In photos taken shortly before his death, Kwon had digitally altered his face to have the sort of pointy, V-like jaw seen on many K-pop idols.
Kwon’s elder brother and mother, Lee Na Geum, tried to talk him out of getting plastic surgery, but Kwon secretly booked into a well-known clinic that specialized in jawline surgeries in the glitzy Seoul neighborhood of Gangnam, an area traditionally home to the country’s biggest K-pop labels.
On September 8, 2016, a doctor removed bone to change the shape of Kwon’s jawline, a popular surgery in East Asia that usually takes one to two hours. It cost 6.5 million won ($5,766), according to his mother.

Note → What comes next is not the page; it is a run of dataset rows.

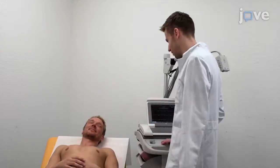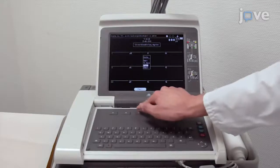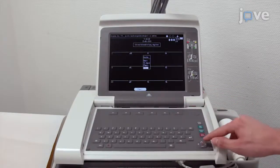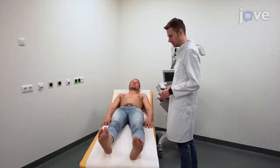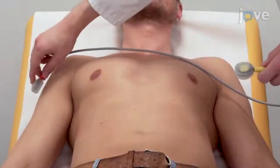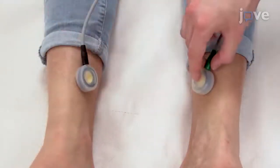To record a standard ECG, use a common ECG device and adjust the paper running speed to 50 millimeters per second. Perform the recording after a five-minute resting period in a supine position. Place the right and left arm electrodes near the shoulders and the right and left leg electrodes near the ankles.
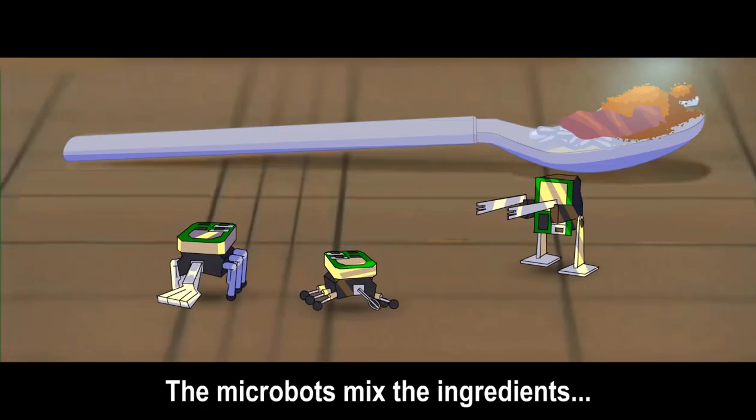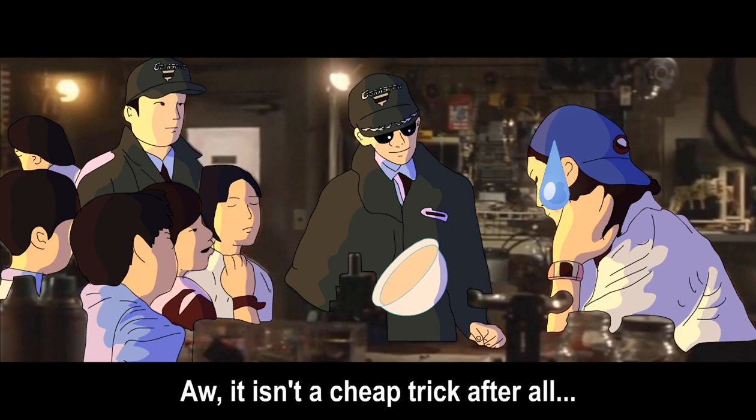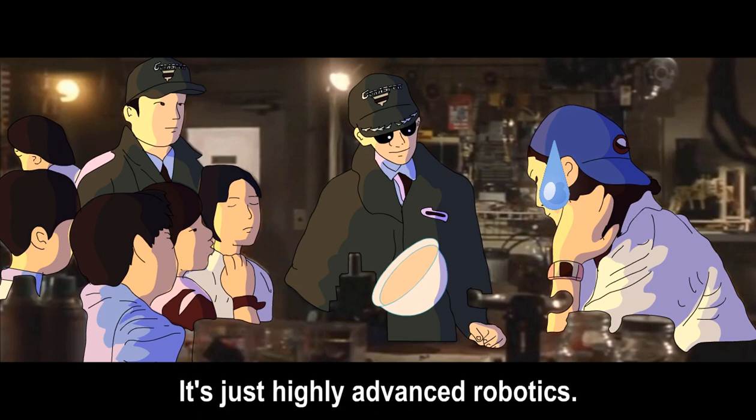The microbots mix the ingredients, and the microwave cooks the mixture, right? That isn't a cheap trick after all. It's just highly advanced robotics.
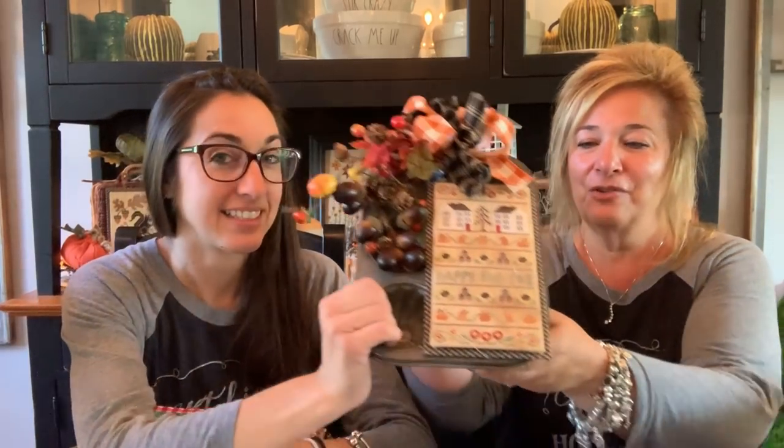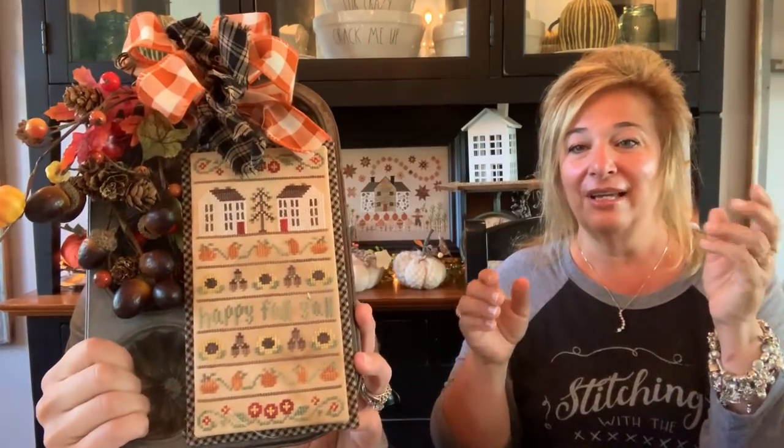Welcome to our show if you're just joining us. For previous finishes — I didn't sleep again last night, I was awake at 3:30 and just got up. The baby slept all night so I got a glorious four hours of sleep. Anyway, this is from Country Cottage Needleworks and it's 'Happy Fall Y'all.' I finished it on one of my old and crusty muffin tins and it sits on the shelf in my kitchen. I added some picks.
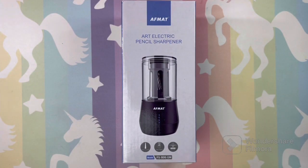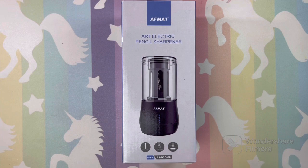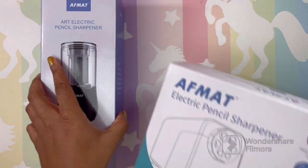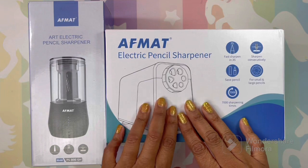Hi guys, welcome back! I hope everyone's having a great day. If you are new here, welcome. Today we will be taking a look at two electric pencil sharpeners by Afmat: this is the long point pencil sharpener, and we will also be taking a look at this heavy duty pencil sharpener, which has six different sizes you could use.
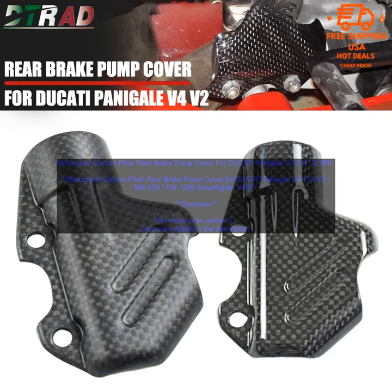Overview. This motorcycle carbon fiber rear brake pump cover is a great way to add a touch of style and protection to your Ducati. It is made of high-quality carbon fiber material, which is lightweight and durable. The cover fits snugly over the rear brake pump, and it features a stylish matte finish. It is also easy to install, with no need for any tools.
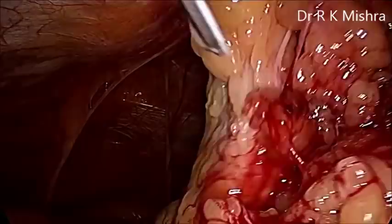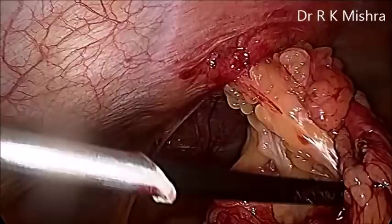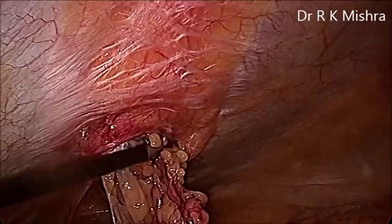Any component of the omentum should not be left inside during any ventral hernia repair. It is better to remove each and every component. Although the natural fat of the peritoneum can be left there, any external content should not remain inside the sac.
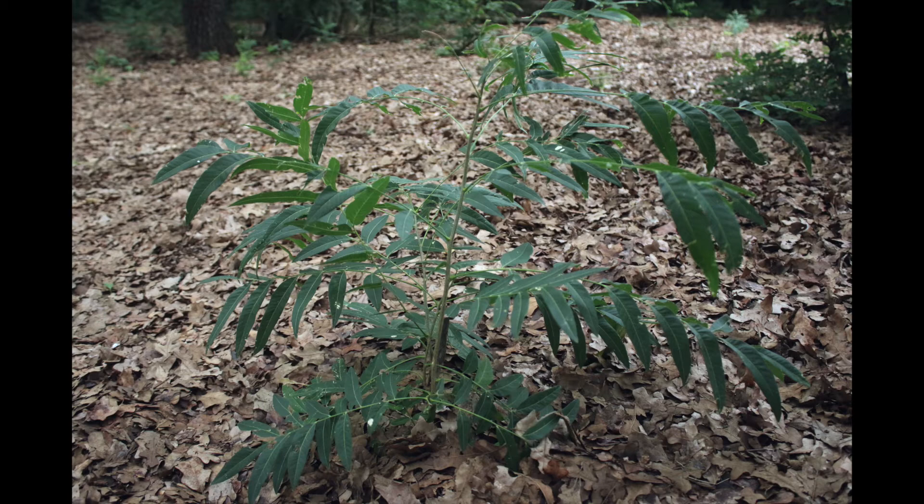Flameleaf sumac offers excellent color to the landscape in the fall months. Young and mid-sized plants offer good forage for livestock and wildlife, while taller trees offer berries for the birds.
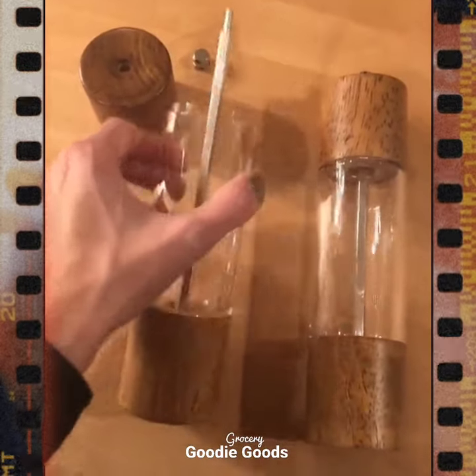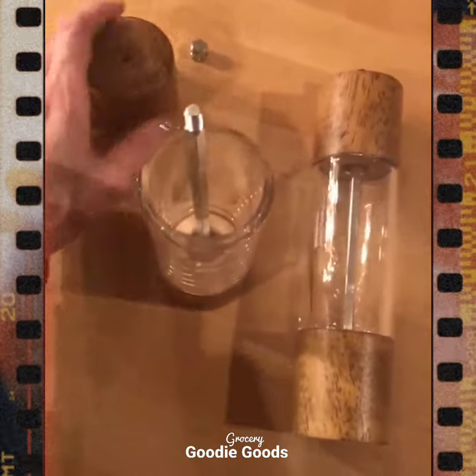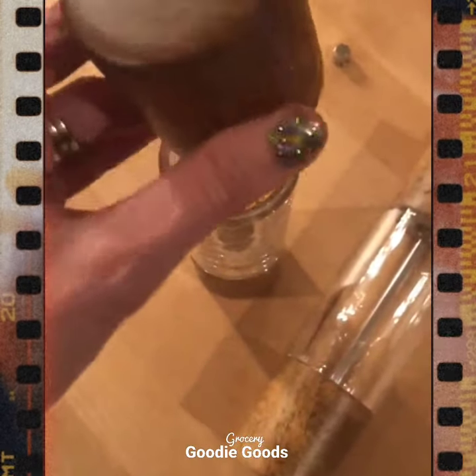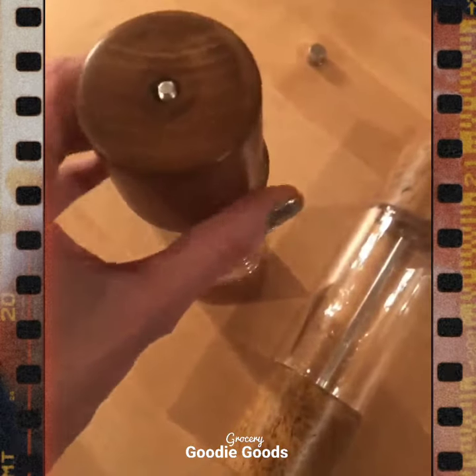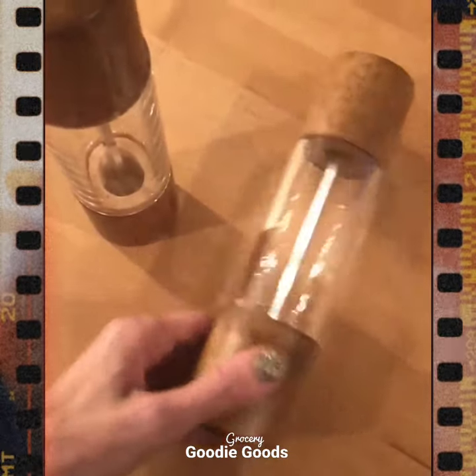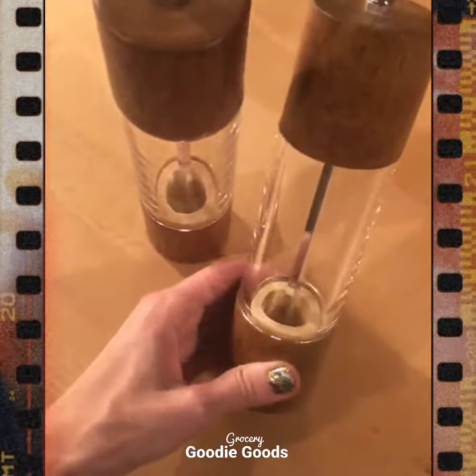Very easy to fill as well. You just pop the top off and then it will screw right on there, and then you have the top here to screw on. Super easy and quick to fill. They're very durable and sturdy — just a great set.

After bleeding excessively, he was moved to hospital. At 9 a.m. the next morning, the plastic surgeon who had operated on Kwon arrived at the hospital. He told Kwon’s family that the procedure had gone as normal and even offered CCTV footage of the operating room to prove it — something that isn’t required nationwide, but which some clinics do to increase trust. “I immediately felt that I needed that evidence,” said Kwon’s mother, Lee.
Lee watched the CCTV footage from the operating room 500 times, she says. The footage showed the surgery started at 12:56 p.m. when the plastic surgeon began to cut Kwon’s jaw bone. Three nursing assistants were also in the room.
After an hour, the plastic surgeon left, and another doctor entered the operating room. The two entered and left the room, but for almost 30 minutes, there was no doctor in the operating room at all, although nursing assistants were present.
Lee saw that although the surgeon Kwon hired cut his jaw bones, he did not complete the surgery. Much of rest of the operation was done by the other doctor — a general doctor who did not have a plastic surgery license and who had recently graduated from medical school, despite an advertisement for the clinic explicitly saying that the head doctor of the clinic would operate from start to finish.